Progress freighter to launch research satellite

ZVEZDNY GORODOK, Moscow region. Oct 24 (Interfax-AVN) - The new crew of the International Space Station (ISS), which starts its mission from Baikonur on November 14, will position the Chibis research satellite from the spent Progress freighter, Soyuz-TMA-22 crew commander Anton Shkaplerov told a Monday press conference in Zvezdny Gorodok.

"After the Progress undocks from the ISS, it will climb by 100 kilometers and automatically launch the satellite at the altitude of 500 kilometers," he said.
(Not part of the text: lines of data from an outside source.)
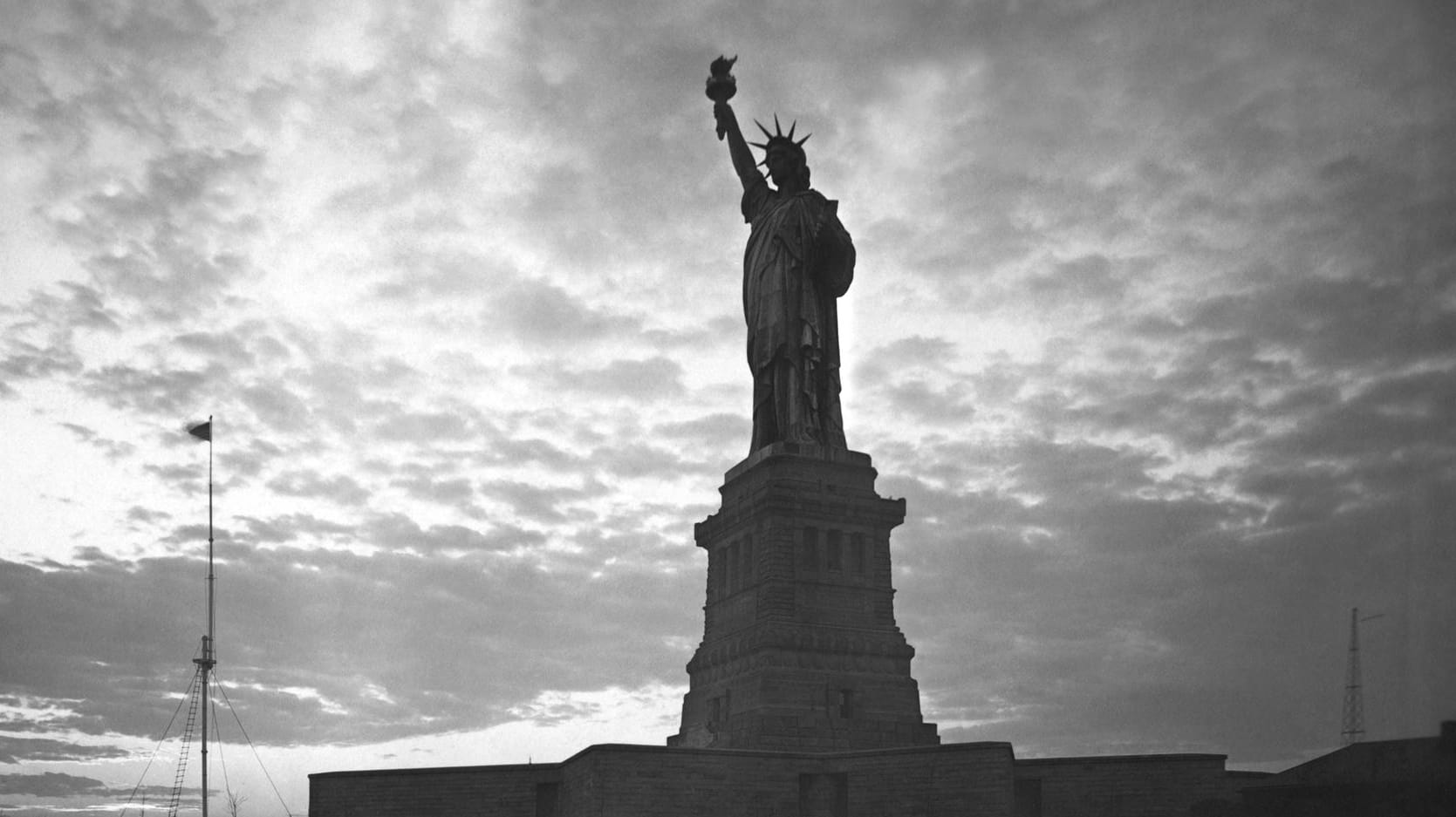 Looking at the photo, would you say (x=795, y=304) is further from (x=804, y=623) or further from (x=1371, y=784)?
(x=1371, y=784)

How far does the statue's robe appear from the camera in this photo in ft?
119

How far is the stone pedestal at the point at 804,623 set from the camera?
31953 mm

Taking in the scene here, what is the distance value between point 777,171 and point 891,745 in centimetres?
1572

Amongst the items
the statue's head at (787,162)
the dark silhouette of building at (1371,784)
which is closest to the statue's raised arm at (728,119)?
the statue's head at (787,162)

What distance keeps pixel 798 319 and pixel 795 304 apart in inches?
16.4

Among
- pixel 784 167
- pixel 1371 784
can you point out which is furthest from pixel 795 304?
pixel 1371 784

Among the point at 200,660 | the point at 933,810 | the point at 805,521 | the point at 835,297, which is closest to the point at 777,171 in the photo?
the point at 835,297

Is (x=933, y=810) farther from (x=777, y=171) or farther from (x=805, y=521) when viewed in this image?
(x=777, y=171)

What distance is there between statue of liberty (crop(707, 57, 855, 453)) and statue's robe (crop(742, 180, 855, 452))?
2 cm

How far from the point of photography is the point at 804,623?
33.2 meters

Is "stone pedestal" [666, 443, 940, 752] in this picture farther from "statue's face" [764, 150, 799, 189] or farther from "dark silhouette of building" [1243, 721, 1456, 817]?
"dark silhouette of building" [1243, 721, 1456, 817]

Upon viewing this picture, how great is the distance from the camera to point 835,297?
37594 mm

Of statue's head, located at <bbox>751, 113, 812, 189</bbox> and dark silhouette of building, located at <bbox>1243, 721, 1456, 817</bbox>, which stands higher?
statue's head, located at <bbox>751, 113, 812, 189</bbox>

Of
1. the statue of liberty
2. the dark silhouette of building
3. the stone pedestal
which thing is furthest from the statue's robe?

The ISS crew will replace the Progress docking unit with the satellite container. "Our task is to install the container with high precision," he said.
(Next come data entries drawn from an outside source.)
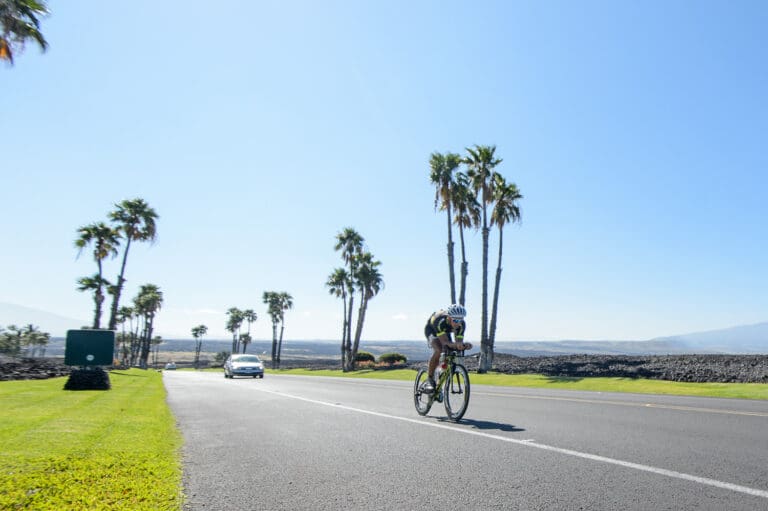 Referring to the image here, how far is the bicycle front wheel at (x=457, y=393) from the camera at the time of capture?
841cm

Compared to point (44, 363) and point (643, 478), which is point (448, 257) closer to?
point (44, 363)

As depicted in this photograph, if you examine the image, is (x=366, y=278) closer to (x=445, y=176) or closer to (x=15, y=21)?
(x=445, y=176)

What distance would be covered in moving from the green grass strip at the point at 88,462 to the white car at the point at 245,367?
2155cm

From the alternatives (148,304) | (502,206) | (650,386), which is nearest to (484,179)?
(502,206)

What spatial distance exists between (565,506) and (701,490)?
129cm

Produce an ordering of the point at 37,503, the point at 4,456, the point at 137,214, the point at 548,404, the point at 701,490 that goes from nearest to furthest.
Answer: the point at 37,503 < the point at 701,490 < the point at 4,456 < the point at 548,404 < the point at 137,214

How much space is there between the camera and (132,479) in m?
4.55

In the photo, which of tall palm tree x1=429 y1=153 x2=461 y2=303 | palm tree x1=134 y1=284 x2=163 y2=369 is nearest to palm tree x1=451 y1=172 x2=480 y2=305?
tall palm tree x1=429 y1=153 x2=461 y2=303

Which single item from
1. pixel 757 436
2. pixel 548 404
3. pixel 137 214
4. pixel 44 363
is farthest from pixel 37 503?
pixel 137 214

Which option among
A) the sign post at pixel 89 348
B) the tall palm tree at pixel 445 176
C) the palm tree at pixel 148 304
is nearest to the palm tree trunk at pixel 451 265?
the tall palm tree at pixel 445 176

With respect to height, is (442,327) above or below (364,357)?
above

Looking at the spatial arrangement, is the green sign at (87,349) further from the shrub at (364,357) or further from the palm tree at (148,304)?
the palm tree at (148,304)

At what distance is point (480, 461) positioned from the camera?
5.35m

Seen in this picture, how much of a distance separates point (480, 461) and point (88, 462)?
3.97 metres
When the research satellite is launched, the Progress will burn in dense layers of the atmosphere, he said.

Progress M-13M will bring Chibis-M to the ISS together with other cargo. The satellite will study atmospheric lightening.

The micro-satellite weighs about 40 kilograms, including 12 kilograms of the research payload. That would be the first ever study of thunders in different spectrums of electromagnetic waves.

The satellite carries an X-ray gamma detector, an ultra-violet detector, a radio frequency analyzer, an optical digital camera and a set of plasma wave instruments.

The Space Instrument Design Bureau of the Space Research Institute of the Russian Academy of Sciences in Tarusa, Kaluga region, will receive data from the satellite and control its flight.